Söze eşi karıştı: “Kocam çok iyi insan. Namazında niyazında, çocuklarına ve ailesine düşkün biri idi. Ancak bu sanal kumara alışınca adeta kişiliği değişti, kurulmuş bir robot gibi oldu. Sinirli ve bahis oynamaktan başka bir şey düşünemez oldu. Yalan söylemeyen adam gayet rahat yalan söyler oldu. Çevresinden borçlar aldı. Mutlu bir aile iken şimdi perişan durumdayız.”

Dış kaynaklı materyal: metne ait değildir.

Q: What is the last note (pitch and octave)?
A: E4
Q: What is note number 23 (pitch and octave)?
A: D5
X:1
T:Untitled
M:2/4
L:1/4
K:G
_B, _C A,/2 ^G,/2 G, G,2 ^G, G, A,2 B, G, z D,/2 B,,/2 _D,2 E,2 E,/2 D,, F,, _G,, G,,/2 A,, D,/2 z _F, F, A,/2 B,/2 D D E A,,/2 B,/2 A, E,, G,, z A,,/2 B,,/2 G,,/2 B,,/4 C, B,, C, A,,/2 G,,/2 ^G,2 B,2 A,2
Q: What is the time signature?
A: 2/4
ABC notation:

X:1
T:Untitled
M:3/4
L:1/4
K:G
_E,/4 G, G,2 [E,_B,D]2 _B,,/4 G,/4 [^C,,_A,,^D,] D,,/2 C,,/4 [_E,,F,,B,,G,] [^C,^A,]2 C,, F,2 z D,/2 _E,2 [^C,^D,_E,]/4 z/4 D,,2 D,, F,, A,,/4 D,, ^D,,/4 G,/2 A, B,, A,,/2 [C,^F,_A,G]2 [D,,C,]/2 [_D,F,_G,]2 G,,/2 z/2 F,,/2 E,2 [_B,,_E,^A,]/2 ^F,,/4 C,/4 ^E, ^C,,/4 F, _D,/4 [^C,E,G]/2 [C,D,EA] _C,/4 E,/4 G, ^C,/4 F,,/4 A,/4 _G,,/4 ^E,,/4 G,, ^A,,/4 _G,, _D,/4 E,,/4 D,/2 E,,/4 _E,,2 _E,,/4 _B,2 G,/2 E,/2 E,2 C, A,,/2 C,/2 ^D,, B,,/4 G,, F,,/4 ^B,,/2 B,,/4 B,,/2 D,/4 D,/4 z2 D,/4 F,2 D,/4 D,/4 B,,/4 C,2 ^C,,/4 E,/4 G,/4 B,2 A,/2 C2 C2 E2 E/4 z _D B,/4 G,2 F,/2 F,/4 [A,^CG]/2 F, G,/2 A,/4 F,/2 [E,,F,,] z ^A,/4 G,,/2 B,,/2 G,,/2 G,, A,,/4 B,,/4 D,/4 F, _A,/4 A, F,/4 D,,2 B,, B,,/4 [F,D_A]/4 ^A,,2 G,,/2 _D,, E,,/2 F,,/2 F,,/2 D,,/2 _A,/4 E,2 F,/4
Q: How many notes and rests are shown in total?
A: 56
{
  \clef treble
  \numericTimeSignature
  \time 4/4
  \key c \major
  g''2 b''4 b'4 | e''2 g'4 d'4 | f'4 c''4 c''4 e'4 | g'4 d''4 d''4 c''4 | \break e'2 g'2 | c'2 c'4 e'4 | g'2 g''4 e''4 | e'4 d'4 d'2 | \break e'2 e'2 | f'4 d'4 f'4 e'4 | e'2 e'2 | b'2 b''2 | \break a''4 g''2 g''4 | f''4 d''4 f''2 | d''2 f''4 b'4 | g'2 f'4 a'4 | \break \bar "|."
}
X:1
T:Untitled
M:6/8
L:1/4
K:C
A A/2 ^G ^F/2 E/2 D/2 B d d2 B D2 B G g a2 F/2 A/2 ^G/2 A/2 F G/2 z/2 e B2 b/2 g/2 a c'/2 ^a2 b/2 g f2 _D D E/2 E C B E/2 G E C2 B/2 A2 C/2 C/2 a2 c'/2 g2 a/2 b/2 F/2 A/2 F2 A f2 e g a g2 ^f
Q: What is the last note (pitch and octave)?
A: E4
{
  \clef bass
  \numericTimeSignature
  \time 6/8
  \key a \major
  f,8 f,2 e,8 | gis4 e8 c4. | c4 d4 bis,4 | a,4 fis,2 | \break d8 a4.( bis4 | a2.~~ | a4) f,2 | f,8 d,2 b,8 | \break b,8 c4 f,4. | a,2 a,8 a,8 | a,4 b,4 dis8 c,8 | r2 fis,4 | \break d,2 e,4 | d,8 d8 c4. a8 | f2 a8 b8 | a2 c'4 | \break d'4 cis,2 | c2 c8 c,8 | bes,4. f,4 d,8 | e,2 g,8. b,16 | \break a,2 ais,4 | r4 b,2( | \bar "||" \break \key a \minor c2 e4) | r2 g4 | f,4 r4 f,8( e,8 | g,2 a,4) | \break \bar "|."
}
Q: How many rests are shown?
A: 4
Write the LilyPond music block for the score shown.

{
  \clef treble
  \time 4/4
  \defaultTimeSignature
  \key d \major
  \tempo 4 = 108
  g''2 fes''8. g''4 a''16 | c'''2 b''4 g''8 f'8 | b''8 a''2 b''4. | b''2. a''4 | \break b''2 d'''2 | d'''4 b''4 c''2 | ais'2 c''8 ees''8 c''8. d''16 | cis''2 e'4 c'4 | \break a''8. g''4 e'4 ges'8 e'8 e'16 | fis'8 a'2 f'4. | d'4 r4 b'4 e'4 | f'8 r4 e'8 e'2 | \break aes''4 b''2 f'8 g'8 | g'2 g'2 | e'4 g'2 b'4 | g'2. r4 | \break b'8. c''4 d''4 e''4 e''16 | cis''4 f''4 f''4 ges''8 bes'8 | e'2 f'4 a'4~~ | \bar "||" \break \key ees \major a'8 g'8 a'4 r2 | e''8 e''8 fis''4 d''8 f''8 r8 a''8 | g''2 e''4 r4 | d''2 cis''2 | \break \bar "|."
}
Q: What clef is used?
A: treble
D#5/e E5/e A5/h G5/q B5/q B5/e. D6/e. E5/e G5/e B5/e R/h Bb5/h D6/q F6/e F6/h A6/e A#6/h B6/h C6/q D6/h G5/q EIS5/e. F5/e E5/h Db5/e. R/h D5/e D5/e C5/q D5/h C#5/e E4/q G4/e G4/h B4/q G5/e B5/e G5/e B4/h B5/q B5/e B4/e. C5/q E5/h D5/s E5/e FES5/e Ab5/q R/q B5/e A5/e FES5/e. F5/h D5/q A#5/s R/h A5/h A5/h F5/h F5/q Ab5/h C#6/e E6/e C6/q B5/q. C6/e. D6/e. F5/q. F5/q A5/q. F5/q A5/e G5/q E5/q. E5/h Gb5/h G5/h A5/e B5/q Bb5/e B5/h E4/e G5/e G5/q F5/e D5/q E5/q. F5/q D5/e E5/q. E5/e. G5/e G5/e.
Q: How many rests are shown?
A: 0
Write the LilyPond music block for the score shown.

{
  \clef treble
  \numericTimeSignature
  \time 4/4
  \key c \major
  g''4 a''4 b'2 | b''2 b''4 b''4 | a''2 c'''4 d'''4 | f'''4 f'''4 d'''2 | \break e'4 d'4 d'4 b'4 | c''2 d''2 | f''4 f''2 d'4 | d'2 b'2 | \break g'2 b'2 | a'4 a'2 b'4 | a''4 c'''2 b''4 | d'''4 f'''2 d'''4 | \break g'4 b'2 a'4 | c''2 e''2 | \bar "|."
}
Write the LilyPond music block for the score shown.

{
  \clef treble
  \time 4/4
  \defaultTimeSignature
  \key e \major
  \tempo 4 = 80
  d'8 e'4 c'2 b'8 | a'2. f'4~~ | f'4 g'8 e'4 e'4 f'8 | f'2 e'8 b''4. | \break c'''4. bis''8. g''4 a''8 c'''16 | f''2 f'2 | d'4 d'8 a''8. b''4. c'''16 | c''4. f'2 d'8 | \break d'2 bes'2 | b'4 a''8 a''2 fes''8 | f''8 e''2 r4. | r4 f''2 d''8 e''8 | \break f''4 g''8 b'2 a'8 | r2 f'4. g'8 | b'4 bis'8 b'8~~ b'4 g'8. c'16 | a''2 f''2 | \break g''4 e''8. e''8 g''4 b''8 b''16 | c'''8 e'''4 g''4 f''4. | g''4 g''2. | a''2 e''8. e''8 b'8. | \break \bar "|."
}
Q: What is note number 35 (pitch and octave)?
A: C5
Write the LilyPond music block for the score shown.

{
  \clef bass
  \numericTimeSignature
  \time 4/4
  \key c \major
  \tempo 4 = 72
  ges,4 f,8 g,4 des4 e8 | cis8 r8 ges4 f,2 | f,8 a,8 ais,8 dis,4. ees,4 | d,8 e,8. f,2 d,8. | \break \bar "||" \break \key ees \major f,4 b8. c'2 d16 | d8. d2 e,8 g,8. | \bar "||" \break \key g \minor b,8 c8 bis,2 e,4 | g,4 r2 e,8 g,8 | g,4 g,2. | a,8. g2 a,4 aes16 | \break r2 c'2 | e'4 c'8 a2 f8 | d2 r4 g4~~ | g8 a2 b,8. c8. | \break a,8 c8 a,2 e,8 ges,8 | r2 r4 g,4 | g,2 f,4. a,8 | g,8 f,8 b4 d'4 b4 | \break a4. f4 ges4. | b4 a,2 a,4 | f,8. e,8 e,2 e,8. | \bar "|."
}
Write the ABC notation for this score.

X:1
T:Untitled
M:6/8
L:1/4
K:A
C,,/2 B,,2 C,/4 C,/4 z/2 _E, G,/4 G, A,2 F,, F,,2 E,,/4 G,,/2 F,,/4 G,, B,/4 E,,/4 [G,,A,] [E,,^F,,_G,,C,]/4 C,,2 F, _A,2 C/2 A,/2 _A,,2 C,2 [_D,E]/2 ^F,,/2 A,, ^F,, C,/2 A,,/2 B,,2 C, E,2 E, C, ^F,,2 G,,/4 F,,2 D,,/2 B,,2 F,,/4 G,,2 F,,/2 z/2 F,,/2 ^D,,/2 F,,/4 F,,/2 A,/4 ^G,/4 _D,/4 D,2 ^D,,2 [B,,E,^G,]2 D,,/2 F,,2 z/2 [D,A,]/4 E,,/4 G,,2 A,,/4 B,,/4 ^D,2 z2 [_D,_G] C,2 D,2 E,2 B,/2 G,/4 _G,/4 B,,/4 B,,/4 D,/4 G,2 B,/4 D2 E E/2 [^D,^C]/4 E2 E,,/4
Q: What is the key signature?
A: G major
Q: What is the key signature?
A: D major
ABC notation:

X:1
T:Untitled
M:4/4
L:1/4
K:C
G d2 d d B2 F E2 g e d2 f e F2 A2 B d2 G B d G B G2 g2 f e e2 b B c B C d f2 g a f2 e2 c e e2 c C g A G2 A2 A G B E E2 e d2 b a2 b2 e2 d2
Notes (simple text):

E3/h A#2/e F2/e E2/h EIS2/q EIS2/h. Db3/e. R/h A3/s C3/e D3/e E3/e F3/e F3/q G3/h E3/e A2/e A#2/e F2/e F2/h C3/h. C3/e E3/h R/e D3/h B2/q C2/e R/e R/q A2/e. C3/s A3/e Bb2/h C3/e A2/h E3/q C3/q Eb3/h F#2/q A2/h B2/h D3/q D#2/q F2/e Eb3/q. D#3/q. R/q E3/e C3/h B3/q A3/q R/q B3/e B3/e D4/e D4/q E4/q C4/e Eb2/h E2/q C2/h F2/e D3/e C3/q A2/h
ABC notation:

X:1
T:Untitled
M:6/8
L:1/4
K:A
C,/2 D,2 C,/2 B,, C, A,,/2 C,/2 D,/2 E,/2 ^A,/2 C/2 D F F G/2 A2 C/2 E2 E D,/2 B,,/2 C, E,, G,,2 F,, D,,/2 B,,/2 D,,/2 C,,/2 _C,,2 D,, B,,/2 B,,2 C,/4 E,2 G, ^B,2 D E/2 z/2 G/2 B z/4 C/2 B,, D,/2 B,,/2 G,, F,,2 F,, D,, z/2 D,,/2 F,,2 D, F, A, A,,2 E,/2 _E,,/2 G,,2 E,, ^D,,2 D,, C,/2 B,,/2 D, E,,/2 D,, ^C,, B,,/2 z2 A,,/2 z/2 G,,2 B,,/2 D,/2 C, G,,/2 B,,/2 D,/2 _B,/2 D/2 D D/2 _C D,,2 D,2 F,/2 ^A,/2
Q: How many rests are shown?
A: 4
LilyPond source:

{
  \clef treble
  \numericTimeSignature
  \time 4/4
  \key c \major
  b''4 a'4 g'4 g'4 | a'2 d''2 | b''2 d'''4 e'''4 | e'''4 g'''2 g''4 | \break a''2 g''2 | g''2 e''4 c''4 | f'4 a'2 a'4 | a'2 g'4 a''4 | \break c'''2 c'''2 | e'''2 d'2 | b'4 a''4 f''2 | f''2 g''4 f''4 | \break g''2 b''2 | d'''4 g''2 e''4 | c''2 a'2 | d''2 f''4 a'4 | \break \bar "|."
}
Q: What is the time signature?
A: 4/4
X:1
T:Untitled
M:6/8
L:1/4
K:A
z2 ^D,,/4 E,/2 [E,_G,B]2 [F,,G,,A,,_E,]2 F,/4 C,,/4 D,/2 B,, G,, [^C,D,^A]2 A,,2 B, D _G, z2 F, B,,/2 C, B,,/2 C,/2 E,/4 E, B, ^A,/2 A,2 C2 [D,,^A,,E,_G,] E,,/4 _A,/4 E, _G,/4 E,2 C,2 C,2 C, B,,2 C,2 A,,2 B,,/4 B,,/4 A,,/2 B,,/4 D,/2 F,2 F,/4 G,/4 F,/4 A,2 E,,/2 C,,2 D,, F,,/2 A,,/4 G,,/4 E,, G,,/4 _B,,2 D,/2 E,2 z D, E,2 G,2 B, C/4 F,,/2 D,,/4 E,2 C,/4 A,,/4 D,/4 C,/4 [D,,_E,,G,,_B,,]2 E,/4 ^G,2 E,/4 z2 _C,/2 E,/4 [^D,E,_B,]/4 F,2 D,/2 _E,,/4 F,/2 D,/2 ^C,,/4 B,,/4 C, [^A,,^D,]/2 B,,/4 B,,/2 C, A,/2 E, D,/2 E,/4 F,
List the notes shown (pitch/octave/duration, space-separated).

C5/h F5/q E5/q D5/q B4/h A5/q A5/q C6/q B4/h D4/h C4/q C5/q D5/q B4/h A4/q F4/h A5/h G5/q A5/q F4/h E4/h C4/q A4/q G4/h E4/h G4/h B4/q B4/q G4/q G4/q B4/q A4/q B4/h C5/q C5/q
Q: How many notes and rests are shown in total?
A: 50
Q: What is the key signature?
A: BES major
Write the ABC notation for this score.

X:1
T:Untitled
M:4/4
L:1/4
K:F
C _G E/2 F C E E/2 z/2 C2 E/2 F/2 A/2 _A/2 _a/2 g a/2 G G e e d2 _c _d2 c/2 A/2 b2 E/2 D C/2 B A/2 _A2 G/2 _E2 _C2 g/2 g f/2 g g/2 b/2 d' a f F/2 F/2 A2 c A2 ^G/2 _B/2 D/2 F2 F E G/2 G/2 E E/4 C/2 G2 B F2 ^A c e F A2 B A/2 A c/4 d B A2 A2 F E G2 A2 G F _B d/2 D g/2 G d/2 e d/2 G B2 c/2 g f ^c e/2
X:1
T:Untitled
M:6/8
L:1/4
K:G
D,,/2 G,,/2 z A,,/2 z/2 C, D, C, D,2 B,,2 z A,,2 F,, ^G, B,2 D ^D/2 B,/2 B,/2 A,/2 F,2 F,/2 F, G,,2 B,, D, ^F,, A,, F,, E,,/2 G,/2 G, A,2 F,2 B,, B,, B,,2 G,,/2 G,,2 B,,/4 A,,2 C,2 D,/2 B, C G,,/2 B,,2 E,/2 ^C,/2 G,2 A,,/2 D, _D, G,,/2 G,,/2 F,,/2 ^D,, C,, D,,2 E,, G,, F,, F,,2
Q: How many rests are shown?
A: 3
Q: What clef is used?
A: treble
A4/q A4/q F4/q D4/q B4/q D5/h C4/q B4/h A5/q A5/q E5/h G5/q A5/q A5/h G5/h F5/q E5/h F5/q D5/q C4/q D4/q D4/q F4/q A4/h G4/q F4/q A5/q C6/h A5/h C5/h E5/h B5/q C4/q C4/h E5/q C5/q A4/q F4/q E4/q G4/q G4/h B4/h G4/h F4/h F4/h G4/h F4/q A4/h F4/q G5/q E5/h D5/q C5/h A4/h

“Çok mu kazanıyorsunuz kumardan? Cazip gelen nedir?” diye hastamıza sorduğumda, “Ne gezer. Battık biz. Önce arabamı sattım, iddiaya yatırdım. Aileme iş yapacağım diye oyaladım. Çok üzüldüm. Kazanıp hiç olmazsa arabamı kurtarayım diye evimi satıp devam ettim. Maalesef o da gitti. Derken ailemin, annemin babamın yüzüne nasıl bakarım dedim ve...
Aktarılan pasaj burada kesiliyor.